-- MATERIAL SHOWN follows --

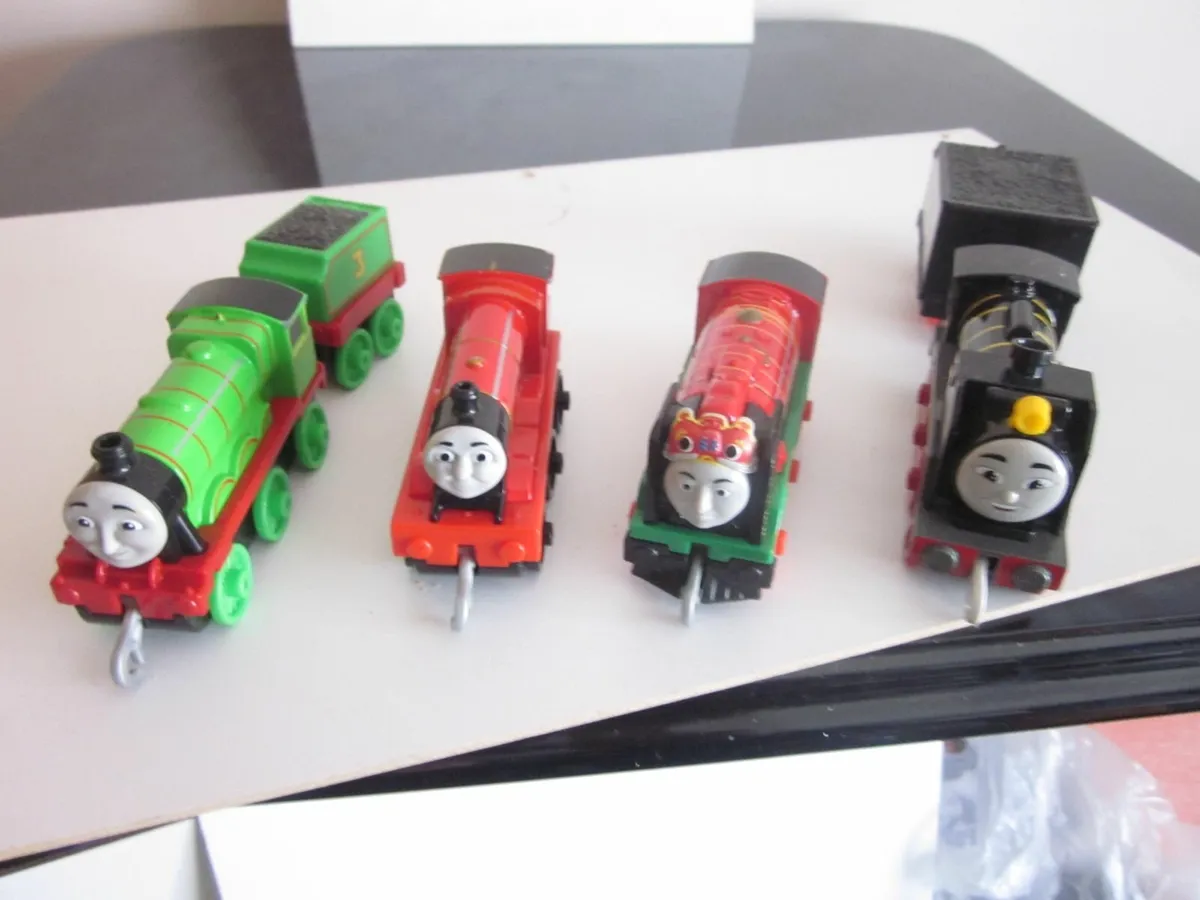Four Thomas & Friends Push Along Diecast Trains - Image 1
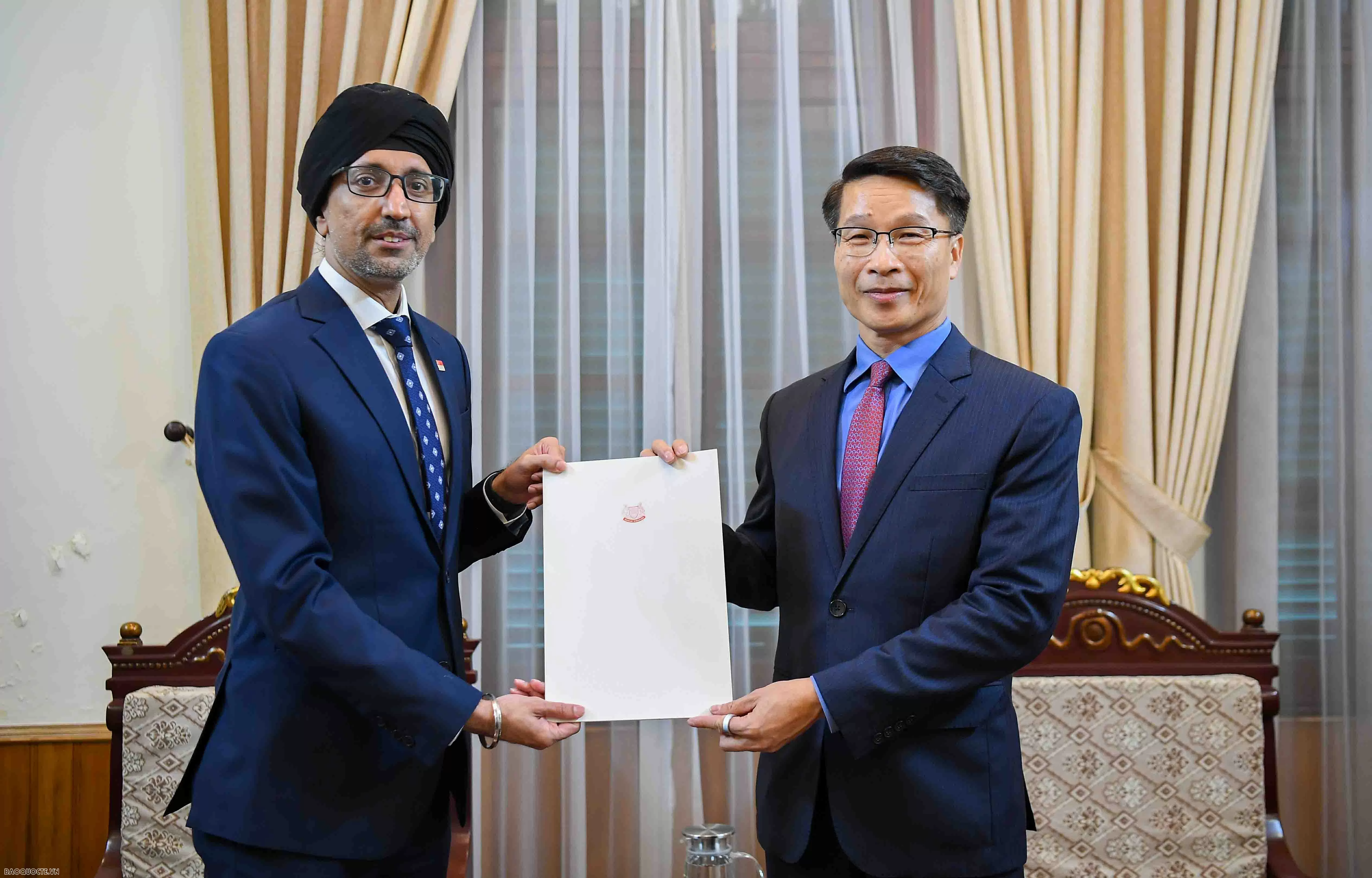 MOFA receives copies of Credentials appointing Ambassadors of Singapore and Dominica to Vietnam MOFA receives copies of Credentials appointing Ambassadors of Singapore and Dominica to Vietnam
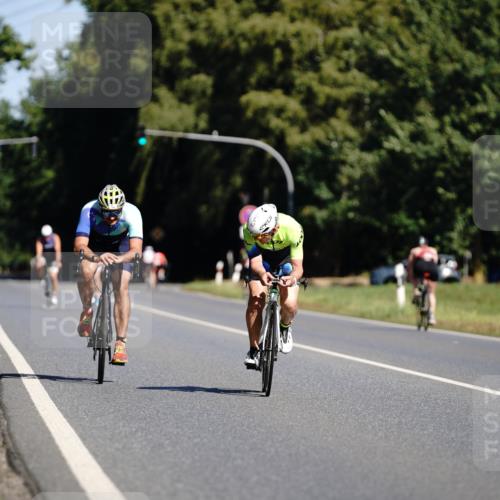 07.09.2025 - 19. Norderstedt Triathlon Michael Burmester http://msf.ph/oto/8847848 07.09.2025 11:31:28 Radfahren 749, 771 meine-sportfotos.de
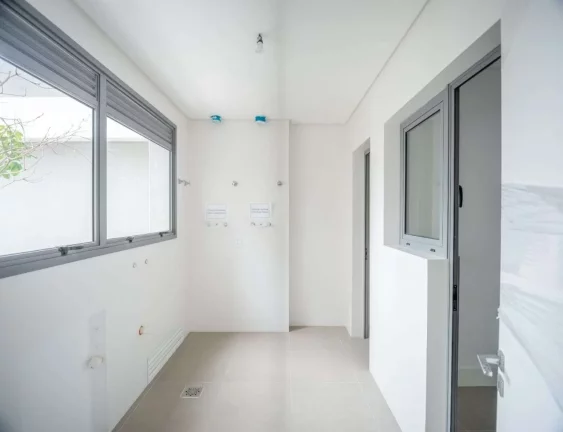 Imagem Apartamento 285 M², 3 Suítes, 3 Vagas de Garagem - Jurerê Internacional, Florianópolis/SC
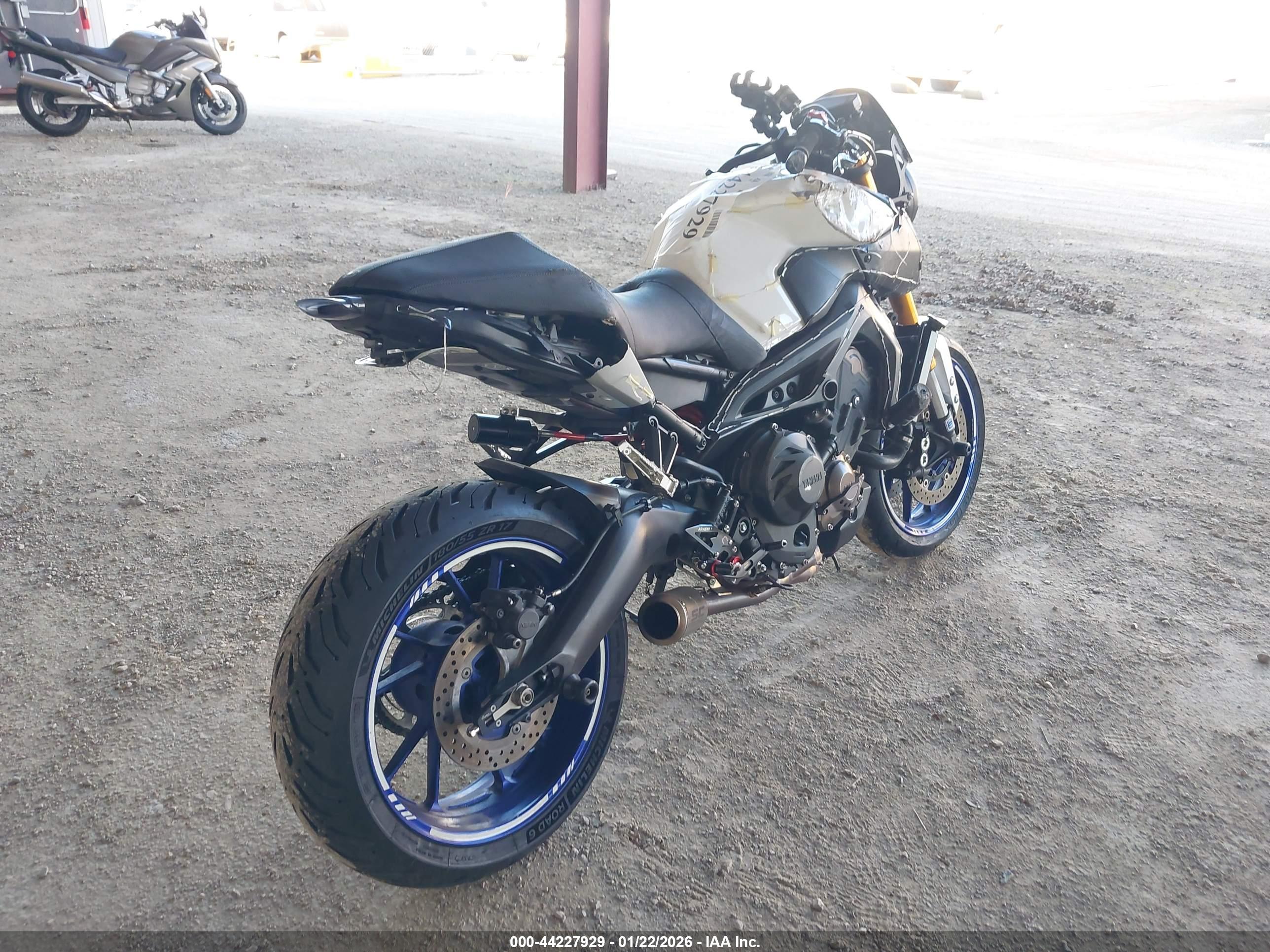 YAMAHA FZ09 image 4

-- MATERIAL SHOWN concluded --

TASK PROMPT
Output the records verbatim without pictures.

ANSWER BOX
Four Thomas & Friends Push Along Diecast Trains - Image 1
 MOFA receives copies of Credentials appointing Ambassadors of Singapore and Dominica to Vietnam MOFA receives copies of Credentials appointing Ambassadors of Singapore and Dominica to Vietnam
 07.09.2025 - 19. Norderstedt Triathlon Michael Burmester http://msf.ph/oto/8847848 07.09.2025 11:31:28 Radfahren 749, 771 meine-sportfotos.de
 Imagem Apartamento 285 M², 3 Suítes, 3 Vagas de Garagem - Jurerê Internacional, Florianópolis/SC
 YAMAHA FZ09 image 4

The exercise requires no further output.